予約の問い合わせからチェックイン・チェックアウト時のやりとり、レビュー獲得のためのフォローアップメールにいたるまで、Airbnbではリスティングの評価やレビューの質を上げるためにはゲストに対する迅速かつ親切なメール対応が欠かせない。
しかし、多くのリスティングを同時に運用・管理している場合、その都度アカウントにログインし直したり、何度も同じようなメールを送ったりといった作業が大量に発生し、結果として対応が遅れがちとなり、ゲストの満足度やリスティングの質を下げてしまう。また、ゲストのチェックイン・チェックアウトのスケジュール管理や、英語や中国語などでのゲスト対応に苦戦している方もいるだろう。
こうした問題を解決するために、ゲストのメール対応だけは代行会社を利用したり、自分なりにメールのテンプレートを用意したりすることでゲスト対応の効率化に励んでいる方も多いかもしれないが、そんな方にぜひおすすめしたいツールが登場した。それが、メトロエンジン社が提供を開始した「メトロチャット」だ。
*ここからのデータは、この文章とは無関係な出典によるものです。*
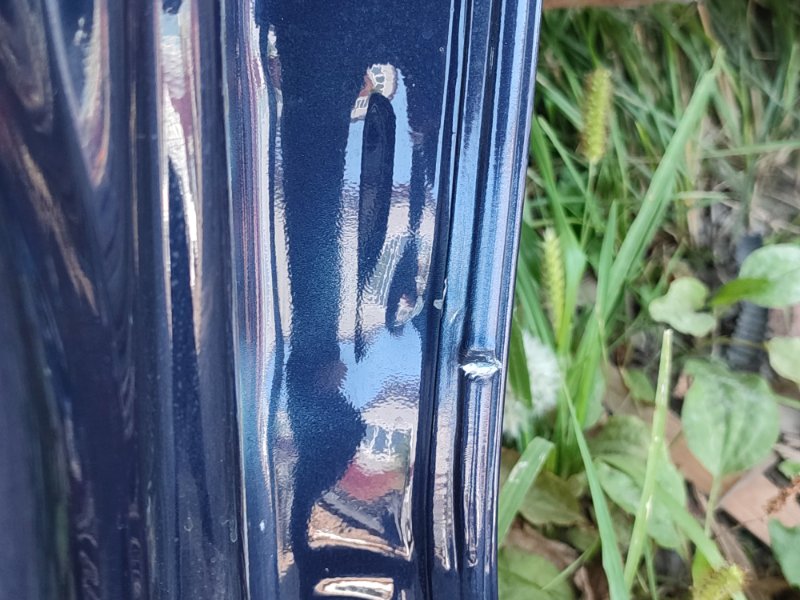 Дверь боковая - фото 10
現在はβ版で、無料で利用できる。
(※メトロチャットの管理画面)
メトロチャットは、同社が提供する民泊運用の一元管理ツール、「民泊ダッシュボード」の機能の一つだ。複数のリスティングのゲスト対応を一括管理できるため、大量のリスティングを運用している方は、アカウントを連携させるだけでも作業効率は大きく向上する。
民泊運用におけるゲスト対応を最適化するために様々な機能が搭載されているが、ここではLivhub編集部が利用してみて実際にこれは便利だと感じたポイントをご紹介したい。
- 変数を使った定型文の設定
- 物件ごとの任意変数の設定
- 定型文を利用した自動返信
- 自動翻訳機能
1. 変数を使った定型文の設定
メトロチャットでは、定型文を利用することでゲストとのやりとりを効率化できる点が特徴だ。予約時やチェックイン・アウト時など、必ずゲストとのやりとりが発生するタイミングでよく使用する定型文を複数パターン登録し、ゲスト対応を高速化しつつ、手間を削減できる。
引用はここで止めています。